Ingevolge artikel 12, derde lid, blijft ten aanzien van een na afloop van de termijn ingediend bezwaarschrift niet-ontvankelijkverklaring op die grond achterwege, indien de indiener aannemelijk maakt dat hij het geschrift heeft ingediend, zo spoedig als dit redelijkerwijs verlangd kon worden en het tegendeel daarvan niet blijkt.
2.2
Appellant betoogt dat verweerder het bezwaar ten onrechte niet-ontvankelijk heeft verklaard. Daartoe voert hij aan dat hij de beschikking waartegen het bezwaar zich richt eerst op 29 november 2018 heeft ontvangen en dat hij gedurende de maand december 2018 tevergeefs heeft geprobeerd het bezwaarschrift in te dienen bij het Bestuurskantoor en BID, maar dat gedurende de maand december geen bezwaarschriften in ontvangst worden genomen. Het bezwaarschrift is op 3 januari 2019, de eerste werkdag van het nieuwe jaar, ingediend en daarmee zo spoedig als redelijkerwijs verlangd kon worden, aldus appellant.
2.3
Dit betoog faalt. Vast staat dat het bezwaar buiten de bezwaartermijn, die eindigde op 6 december 2018, is ingediend. Appellant heeft de beschikking van 25 oktober 2018 ontvangen op 29 november 2018, derhalve binnen de bezwaartermijn. Appellant kon dan ook, desnoods op nader aan te voeren gronden, voor het einde van de bezwaartermijn bezwaar maken. In hetgeen appellant heeft aangevoerd, is geen grond te vinden voor het oordeel dat verweerder de termijnoverschrijding ten onrechte niet verschoonbaar heeft geacht. Het bezwaarschrift is gedagtekend 27 december 2018 en derhalve buiten de bezwaartermijn. Gelet hierop heeft appellant zijn - door verweerder bovendien gemotiveerd weersproken - stelling dat hij gedurende de maand december 2018 en aldus ook binnen de bezwaartermijn tevergeefs heeft geprobeerd om het bezwaarschrift in te dienen, omdat de desbetreffende instanties in de maand december weigeren bezwaarschriften in ontvangst te nemen, onvoldoende toegelicht.
2.4
Het beroep is ongegrond.
2.5
Voor een proceskostenveroordeling bestaat geen aanleiding.

BESLISSING

De rechter in dit gerecht:
- verklaart het beroep ongegrond.
Deze beslissing is gegeven door mr. M.E.B. de Haseth, rechter, en uitgesproken ter openbare terechtzitting van maandag 10 mei 2021, in aanwezigheid van de griffier.

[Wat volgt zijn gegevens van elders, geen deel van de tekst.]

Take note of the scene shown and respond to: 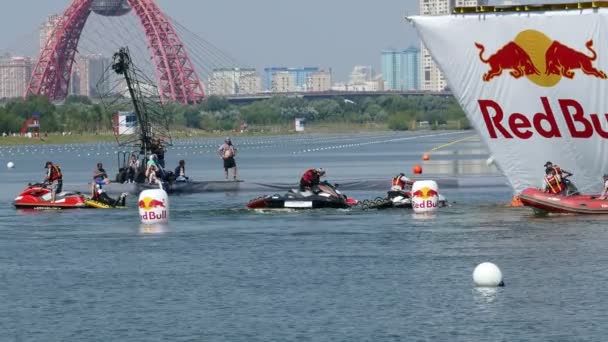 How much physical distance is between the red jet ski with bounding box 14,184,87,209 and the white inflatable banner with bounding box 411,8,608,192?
1476cm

Tegen deze uitspraak kunnen beide partijen binnen zes weken na dagtekening van deze uitspraak hoger beroep instellen bij het Gemeenschappelijk Hof van Justitie (LAR-zaken).
Het hogerberoepschrift moet worden ingediend bij de griffie van dit Gerecht.
U wordt verzocht bij het indienen van het hogerberoepschrift het volgende in acht te nemen:
1. Leg bij het hogerberoepschrift een afschrift over van deze uitspraak;
2. Onderteken het hogerberoepschrift en vermeld het volgende:
a. de naam en het adres van de indiener of de gemachtigde,
b. de dag van ondertekening,
c. waartegen u in hoger beroep komt,
d. waarom u het niet eens bent met deze uitspraak (de gronden van het hoger beroep).
Voor het instellen van hoger beroep is een griffierecht van Afl. 75 verschuldigd.